Work instructions :: Show each line of the records in which the word "Dogs" occurs.

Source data
BEGIN

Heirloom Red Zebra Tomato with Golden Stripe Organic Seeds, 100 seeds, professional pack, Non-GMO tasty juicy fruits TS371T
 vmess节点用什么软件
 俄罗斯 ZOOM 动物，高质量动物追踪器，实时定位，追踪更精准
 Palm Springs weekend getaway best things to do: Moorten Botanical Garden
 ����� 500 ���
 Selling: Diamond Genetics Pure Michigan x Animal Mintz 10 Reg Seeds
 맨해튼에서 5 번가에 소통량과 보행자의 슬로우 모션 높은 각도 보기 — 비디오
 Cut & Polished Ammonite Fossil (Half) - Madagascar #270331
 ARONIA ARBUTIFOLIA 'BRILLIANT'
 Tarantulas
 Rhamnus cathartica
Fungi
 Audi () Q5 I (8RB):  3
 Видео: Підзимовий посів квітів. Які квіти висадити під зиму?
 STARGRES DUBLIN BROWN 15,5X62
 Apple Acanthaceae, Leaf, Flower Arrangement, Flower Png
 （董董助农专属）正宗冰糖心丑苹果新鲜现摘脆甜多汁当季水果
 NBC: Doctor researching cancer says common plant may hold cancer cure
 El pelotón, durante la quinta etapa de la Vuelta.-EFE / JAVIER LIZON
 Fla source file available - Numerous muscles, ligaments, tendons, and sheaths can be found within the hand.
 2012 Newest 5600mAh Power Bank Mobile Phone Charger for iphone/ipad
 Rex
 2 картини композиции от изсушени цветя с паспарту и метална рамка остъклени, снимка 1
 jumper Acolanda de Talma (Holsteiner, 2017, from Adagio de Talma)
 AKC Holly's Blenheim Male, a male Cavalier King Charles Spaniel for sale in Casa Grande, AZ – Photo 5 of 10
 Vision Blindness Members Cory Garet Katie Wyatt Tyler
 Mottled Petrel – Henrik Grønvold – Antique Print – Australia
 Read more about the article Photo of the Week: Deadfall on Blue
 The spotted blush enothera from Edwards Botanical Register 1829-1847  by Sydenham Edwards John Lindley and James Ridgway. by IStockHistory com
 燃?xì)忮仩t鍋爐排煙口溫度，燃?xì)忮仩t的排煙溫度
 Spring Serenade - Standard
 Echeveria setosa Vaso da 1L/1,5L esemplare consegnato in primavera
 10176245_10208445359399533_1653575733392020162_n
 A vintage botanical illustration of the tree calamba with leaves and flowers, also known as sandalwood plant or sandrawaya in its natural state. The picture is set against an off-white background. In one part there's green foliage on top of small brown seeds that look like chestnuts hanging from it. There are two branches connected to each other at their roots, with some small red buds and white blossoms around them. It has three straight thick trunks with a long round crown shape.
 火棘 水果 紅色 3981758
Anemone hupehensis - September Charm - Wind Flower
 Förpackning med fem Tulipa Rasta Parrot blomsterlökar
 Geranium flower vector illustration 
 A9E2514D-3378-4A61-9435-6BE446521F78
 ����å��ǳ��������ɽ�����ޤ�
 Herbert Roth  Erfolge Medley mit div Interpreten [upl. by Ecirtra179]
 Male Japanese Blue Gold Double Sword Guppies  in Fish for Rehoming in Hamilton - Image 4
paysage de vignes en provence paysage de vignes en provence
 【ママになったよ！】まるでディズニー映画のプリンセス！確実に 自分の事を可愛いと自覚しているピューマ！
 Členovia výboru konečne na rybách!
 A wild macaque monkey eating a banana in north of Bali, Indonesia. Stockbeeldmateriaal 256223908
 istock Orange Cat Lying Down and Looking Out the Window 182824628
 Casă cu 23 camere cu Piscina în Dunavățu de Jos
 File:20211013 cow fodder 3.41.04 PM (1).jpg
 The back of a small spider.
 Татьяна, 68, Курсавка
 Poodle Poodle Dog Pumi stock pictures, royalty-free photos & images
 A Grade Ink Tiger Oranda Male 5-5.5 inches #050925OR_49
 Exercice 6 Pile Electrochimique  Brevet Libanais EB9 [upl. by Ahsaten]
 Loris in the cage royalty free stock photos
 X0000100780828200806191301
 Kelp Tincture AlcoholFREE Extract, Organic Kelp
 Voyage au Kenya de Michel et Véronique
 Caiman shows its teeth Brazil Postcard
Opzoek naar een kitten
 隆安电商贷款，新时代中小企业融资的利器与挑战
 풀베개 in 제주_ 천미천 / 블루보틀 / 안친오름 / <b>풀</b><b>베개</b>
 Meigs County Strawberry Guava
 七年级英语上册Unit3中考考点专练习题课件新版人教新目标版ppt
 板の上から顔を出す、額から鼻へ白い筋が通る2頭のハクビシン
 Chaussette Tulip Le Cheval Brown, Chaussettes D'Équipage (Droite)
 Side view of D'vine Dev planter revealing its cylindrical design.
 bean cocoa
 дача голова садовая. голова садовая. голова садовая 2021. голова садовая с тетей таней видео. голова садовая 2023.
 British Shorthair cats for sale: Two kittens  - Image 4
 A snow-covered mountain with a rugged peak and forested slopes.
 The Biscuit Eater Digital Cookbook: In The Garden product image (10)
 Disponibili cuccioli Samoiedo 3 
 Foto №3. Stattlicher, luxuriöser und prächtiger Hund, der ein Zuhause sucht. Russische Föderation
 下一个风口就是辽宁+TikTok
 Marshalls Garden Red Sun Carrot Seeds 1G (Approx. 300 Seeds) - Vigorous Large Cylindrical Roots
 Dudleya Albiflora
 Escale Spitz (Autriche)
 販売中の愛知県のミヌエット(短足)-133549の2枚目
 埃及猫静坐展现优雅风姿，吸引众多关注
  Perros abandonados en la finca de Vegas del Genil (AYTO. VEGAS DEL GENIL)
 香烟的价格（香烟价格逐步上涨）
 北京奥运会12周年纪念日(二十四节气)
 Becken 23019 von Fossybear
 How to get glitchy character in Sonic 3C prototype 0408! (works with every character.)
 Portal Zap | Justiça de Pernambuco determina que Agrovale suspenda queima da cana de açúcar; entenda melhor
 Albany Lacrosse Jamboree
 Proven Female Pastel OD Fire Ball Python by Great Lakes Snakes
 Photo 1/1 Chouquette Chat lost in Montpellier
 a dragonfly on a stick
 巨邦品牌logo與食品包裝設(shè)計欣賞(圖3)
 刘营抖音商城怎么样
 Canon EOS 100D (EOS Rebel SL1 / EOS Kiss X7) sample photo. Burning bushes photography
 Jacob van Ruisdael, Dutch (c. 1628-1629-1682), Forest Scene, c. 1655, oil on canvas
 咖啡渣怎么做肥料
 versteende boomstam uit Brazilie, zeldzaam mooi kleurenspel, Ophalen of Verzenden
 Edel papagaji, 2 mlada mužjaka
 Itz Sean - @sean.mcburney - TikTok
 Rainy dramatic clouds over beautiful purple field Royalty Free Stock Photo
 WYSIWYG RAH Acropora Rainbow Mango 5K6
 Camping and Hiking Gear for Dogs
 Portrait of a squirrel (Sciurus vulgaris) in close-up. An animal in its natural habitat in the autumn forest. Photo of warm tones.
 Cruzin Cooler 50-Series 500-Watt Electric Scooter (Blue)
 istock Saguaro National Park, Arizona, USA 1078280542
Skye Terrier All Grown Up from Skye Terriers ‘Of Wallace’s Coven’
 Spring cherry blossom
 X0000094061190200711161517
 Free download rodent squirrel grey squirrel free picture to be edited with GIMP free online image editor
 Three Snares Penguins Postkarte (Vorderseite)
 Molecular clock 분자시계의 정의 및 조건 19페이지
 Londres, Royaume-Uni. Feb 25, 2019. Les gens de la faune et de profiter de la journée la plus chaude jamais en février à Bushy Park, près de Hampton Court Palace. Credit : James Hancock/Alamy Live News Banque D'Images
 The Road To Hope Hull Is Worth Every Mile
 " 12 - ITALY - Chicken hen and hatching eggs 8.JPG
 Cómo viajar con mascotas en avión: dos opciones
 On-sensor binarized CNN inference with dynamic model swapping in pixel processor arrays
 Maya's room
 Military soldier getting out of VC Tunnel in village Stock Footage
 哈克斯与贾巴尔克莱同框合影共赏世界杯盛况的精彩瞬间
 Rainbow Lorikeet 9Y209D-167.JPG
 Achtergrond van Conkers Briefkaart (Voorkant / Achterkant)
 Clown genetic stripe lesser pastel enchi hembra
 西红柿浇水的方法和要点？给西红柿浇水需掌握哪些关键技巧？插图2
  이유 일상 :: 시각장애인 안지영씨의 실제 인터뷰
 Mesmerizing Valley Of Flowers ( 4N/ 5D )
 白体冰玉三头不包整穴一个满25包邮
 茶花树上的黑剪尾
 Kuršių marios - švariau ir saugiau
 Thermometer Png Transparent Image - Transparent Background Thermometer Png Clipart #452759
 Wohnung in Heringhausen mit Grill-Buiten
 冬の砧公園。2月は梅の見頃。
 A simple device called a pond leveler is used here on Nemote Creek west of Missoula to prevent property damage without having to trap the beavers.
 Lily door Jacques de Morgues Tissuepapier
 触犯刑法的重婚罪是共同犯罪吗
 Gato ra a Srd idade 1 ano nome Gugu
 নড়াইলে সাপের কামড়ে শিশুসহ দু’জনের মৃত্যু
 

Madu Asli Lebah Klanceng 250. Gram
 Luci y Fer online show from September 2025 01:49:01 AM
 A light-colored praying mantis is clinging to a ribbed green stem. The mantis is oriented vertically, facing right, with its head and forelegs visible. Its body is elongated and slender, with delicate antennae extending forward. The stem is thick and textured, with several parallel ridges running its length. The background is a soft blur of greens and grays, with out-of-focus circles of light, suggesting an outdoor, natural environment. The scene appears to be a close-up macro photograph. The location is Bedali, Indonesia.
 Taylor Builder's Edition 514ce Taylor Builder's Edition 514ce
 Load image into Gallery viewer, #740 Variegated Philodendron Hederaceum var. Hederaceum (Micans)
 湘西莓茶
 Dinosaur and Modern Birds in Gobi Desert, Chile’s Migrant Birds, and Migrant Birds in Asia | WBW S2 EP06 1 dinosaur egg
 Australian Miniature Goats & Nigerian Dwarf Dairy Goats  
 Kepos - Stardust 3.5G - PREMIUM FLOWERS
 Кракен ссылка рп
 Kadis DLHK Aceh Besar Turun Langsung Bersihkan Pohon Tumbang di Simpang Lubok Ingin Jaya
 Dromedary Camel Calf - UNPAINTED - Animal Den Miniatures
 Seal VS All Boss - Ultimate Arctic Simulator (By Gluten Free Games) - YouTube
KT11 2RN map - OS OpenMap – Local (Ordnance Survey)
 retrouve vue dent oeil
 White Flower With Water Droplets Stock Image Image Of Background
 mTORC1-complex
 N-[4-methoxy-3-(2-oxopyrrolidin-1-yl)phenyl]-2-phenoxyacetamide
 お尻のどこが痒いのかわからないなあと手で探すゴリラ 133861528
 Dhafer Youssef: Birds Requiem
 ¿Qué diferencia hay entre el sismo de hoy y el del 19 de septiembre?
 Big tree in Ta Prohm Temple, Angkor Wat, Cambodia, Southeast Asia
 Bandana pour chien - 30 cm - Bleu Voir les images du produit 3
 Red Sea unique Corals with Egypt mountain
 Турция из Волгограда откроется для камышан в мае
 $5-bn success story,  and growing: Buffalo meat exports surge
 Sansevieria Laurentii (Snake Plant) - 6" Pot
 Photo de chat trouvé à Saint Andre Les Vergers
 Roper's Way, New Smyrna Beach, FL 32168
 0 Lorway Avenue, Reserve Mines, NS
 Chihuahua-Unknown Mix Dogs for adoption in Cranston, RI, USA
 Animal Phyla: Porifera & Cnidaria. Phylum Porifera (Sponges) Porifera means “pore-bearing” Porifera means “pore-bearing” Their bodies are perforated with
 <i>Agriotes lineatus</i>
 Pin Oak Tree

END

Response ::
 Camping and Hiking Gear for Dogs
 Chihuahua-Unknown Mix Dogs for adoption in Cranston, RI, USA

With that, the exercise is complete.